## REQUIRED ACTION
Set down, exactly and only, everything from the line containing "Februar 2014 Geschenk" down to the line containing "Claudia Sheinbaum elogia" in the data below; the pictures are not part of the copy.

## INPUT MATERIAL
◆ ◆ ◆ ◆ ◆

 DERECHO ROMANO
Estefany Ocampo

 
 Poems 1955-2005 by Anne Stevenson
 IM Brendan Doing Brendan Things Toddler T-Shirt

◆ ◆ ◆ ◆ ◆

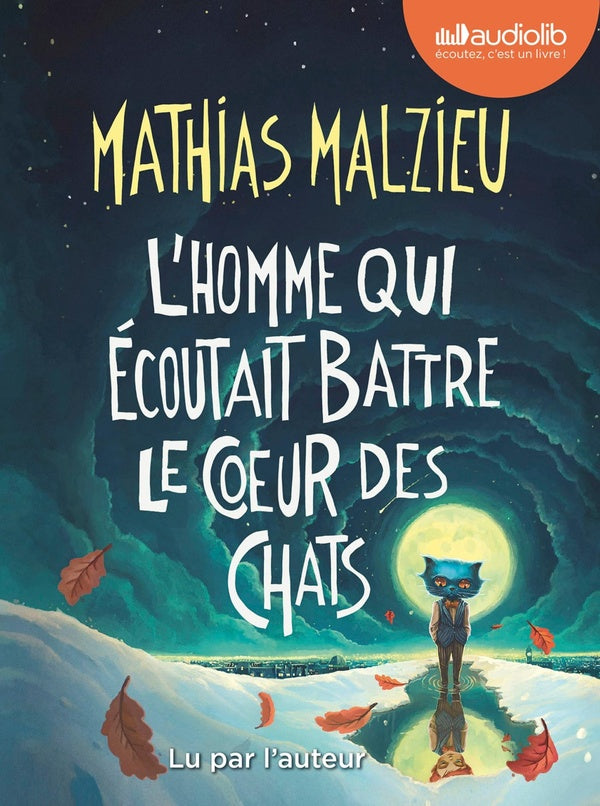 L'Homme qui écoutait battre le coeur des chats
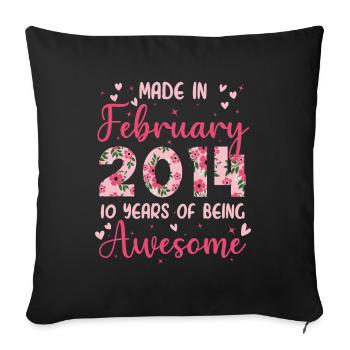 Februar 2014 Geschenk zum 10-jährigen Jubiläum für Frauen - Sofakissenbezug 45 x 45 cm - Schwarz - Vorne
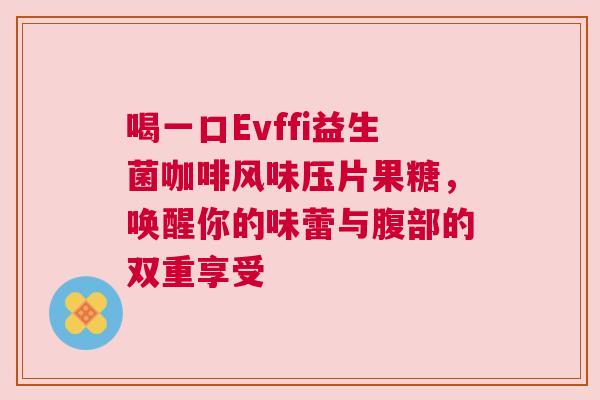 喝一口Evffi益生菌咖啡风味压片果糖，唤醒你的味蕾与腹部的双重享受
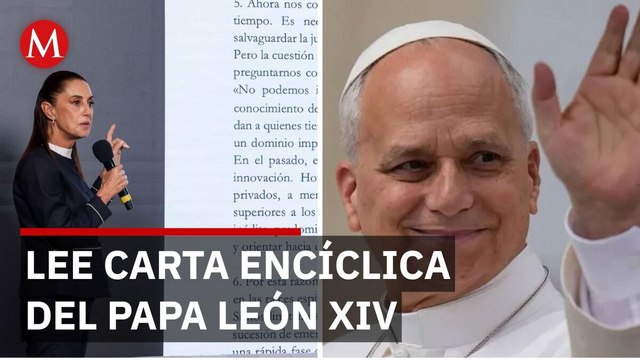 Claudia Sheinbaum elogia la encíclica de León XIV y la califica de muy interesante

◆ ◆ ◆ ◆ ◆

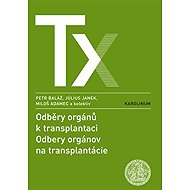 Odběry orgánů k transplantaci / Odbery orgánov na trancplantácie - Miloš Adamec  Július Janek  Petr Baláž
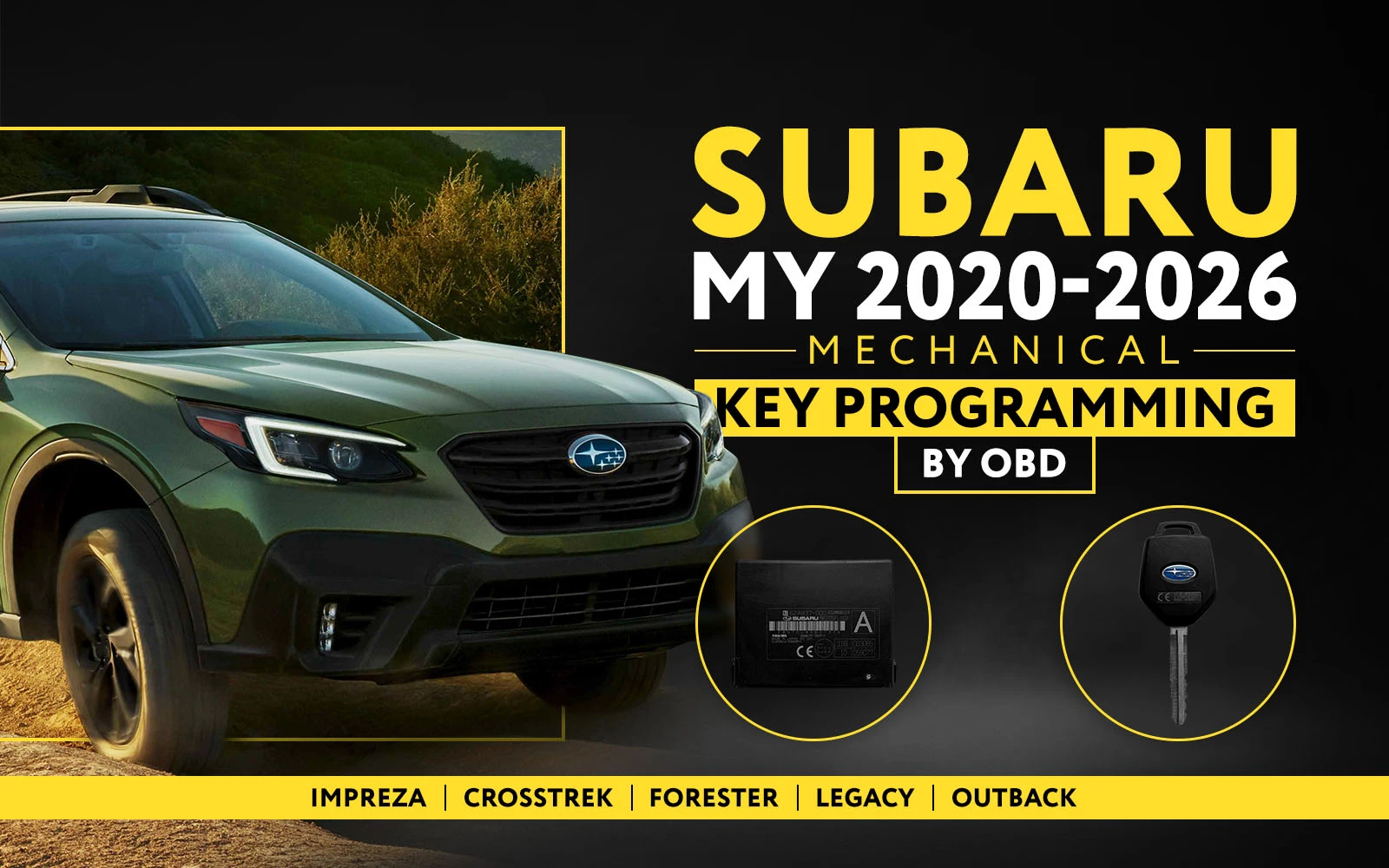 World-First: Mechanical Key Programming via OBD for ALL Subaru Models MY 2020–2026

◆ ◆ ◆ ◆ ◆

## EXERCISE OUTPUT
 Februar 2014 Geschenk zum 10-jährigen Jubiläum für Frauen - Sofakissenbezug 45 x 45 cm - Schwarz - Vorne
 喝一口Evffi益生菌咖啡风味压片果糖，唤醒你的味蕾与腹部的双重享受
 Claudia Sheinbaum elogia la encíclica de León XIV y la califica de muy interesante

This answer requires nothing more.